Katy Kale: Absolutely. It was amazing to see how many things have really remained the same as last time that i was here, whether it’s the work that you were talking about within FAS or our sustainability work that we have both in Office of Governmentwide Policy and in the Public Building Services, there is work that started many administrations ago many administrators ago and continues, and we’re just going to take this next iteration strengthen it and and really run with it
Tom Temin: And Exodie you’re new to the executive branch if I’m correct here, what does it look like so far and what are your plans writ large?
Exodie Roe: Sure, that’s a great question Tom. So as you said, I am new to the executive branch but I’m not new to serving small businesses. Prior to joining GSA, I was the director of policy and external affairs for the congressional black caucus and so I have worked on small business policy and worked directly with small businesses for over 14 years starting in Congressman Jerry McNerney ‘s office in a congressional California district office. And so now that I’m at OSDBU, my plans are for the agency is first and foremost we want to get an A-plus on the Small Business Administration small business procurement scorecard. We also want to make sure that we enhance small business opportunities by ensuring there’s a significant focus on diversity, equity and inclusion, the COVID-19 response, improving the economic recovery and supporting climate initiatives by educating the small business community on opportunities and by training the acquisition workforce on the importance and ease of utilizing small business programs. There’s also an executive order that we want to promote the use of historically black colleges and universities in the federal government procurement process. We also want to make sure that we expand OSDBU’s reach to the small business community throughout the country, specifically in economically disadvantaged areas. So I’m excited about this mission
Tom Temin: And just on a personal note are you moving to Washington or or were you already here for the committee work
Exodie Roe: Well Tom that’s a great question. I actually live in Washington D.C. — so again prior to joining GSA i actually worked worked on Capitol Hill.
Tom Temin: Okay, so you know what the good and bad is of this town.
Exodie Roe: A lot of good in this town. l love Washington D.C. and just all the resources here and all the free institutions and museums and so forth.

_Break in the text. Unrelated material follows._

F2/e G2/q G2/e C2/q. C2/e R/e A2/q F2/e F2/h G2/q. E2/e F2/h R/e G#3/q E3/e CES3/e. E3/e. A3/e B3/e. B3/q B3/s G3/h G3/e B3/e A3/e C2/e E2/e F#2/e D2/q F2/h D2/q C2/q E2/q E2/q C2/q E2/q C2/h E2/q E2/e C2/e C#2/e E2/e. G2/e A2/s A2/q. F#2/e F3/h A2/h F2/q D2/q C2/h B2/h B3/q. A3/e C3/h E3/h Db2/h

Tom Temin: There’s so much to do in D.C., well as someone who comes from a native Washingtonian family myself, I can agree with you there. Exodie Roe is the associate administrator for the Office of Small and Disadvantaged Business Utilization at GSA, thanks so much for joining me
Exodie Roe: Thank you so much Tom for having me, I appreciate it
Tom Temin: And Katy Kale is the acting administrator, great to have you on as well.
Katy Kale: It’s been great talking to you Tom, thank you again.